• Lunghezza totale (km): 70
  • Percorribilità: in auto, in moto, in camper, in bici
  • Difficoltà: nessuna

L’elicicoltura viene citata in molti studi storici sulla vita sociale del territorio pisano. Prima era utilizzata principalmente per scopi alimentari, mentre oggi l’allevamento di lumache trova sempre più spazio nel campo della cosmesi naturale. Vi proponiamo un itinerario innovativo sul territorio, facendo tappa nelle aziende che utilizzano la chiocciola per prodotti gastronomici o per cosmesi.

Marina di Pisa

Parco di San Rossore  ©Guglielmo Giambartolomei

L’itinerario parte dalla costa, dalla foce dell’Arno a Marina di Pisa, dove si trova l’allevamento del Consorzio La Lumaca nel Parco. Il consorzio, l’unico in Italia dentro un parco protetto, è un punto di riferimento della produzione di lumache per uso gastronomico e cosmetico. Le chiocciole crescono in un ambiente sano, in modo da garantire un prodotto fresco e di qualità, “cruelty free”. Il consorzio è anche centro didattico e culturale, aperto alle visite per scoprire come vengono allevate le lumache, cosa fanno durante la loro giornata, come e perché producono la bava.


Capannoli

Dal litorale ci spostiamo a Capannoli tra le colline della Valdera, dove si consiglia una visita ai Musei di Villa Baciocchi (museo zoologico e archeologico circondati da un bel parco) oppure alla Villa Medicea di Camugliano. Poco oltre a Pontedera si trova il Museo Piaggio dove sono esposti i modelli che hanno fatto la storia dell’azienda.

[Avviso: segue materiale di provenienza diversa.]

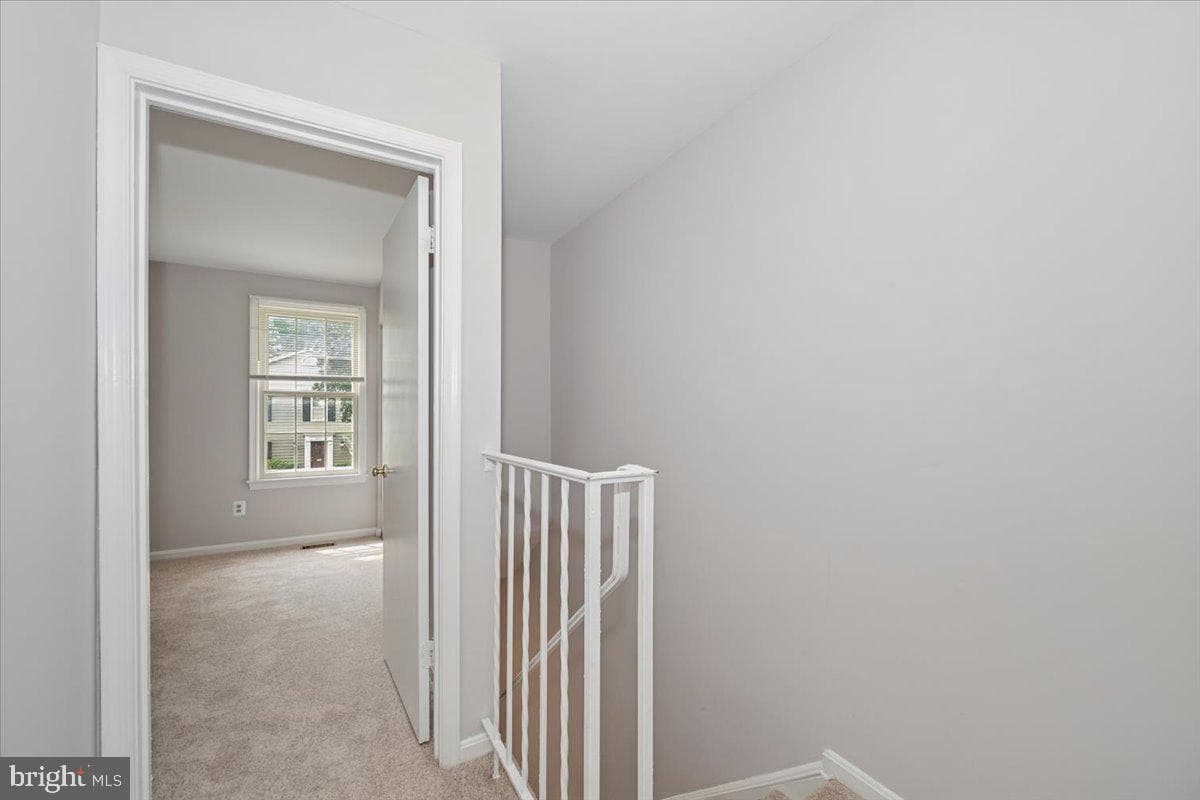 10113 Maple Leaf Drive photo 23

Facciamo tappa da Arcenni Tuscany, dove l’allevamento di chiocciole si estende per oltre due ettari, con recinti in campo aperto, e dove è stato ricreato un habitat naturale in cui le lumache possono riprodursi e crescere con un’alimentazione priva di pesticidi e additivi chimici. Le chiocciole, utilizzate solo per fini gastronomici, sono pronte per essere cucinate. L’allevamento è aperto alle visite e organizza degustazioni abbinate a vino e prodotti del territorio.


Palaia

Spostandoci a Palaia, grazioso borgo medievale in Valdera, si prosegue verso la zona dei calanchi. Ai piedi del paese abbandonato di Toiano, l’azienda agricola Helix Valdera, alleva lumache a ciclo biologico completo secondo le direttive dell’Istituto Internazionale Elicicoltura di Cherasco, al quale è associata. L’azienda utilizza chiocciole per fini cosmetici e gastronomici. Aperta alle visite, dispone di un piccolo agri-ristorante.


San Miniato

L’itinerario termina a San Miniato, città dei due imperatori lungo la Via Francigena e luogo di eccellenza del tartufo bianco. Dopo una visita nel centro storico si prosegue verso il paese di Balconevisi, dove a ottobre si corre un curioso palio dei paperi durante la sagra del tartufo.

L’ultima tappa del nostro itinerario è presso l’Azienda Agricola Chiocciola di Bacco, che insieme alla attività di elicicoltura svolge una funzione sociale, inserendo soggetti svantaggiati nel mondo del lavoro. L’azienda utilizza le chiocciole sia per scopi gastronomici che cosmetici ed è aperta alle visite con degustazione.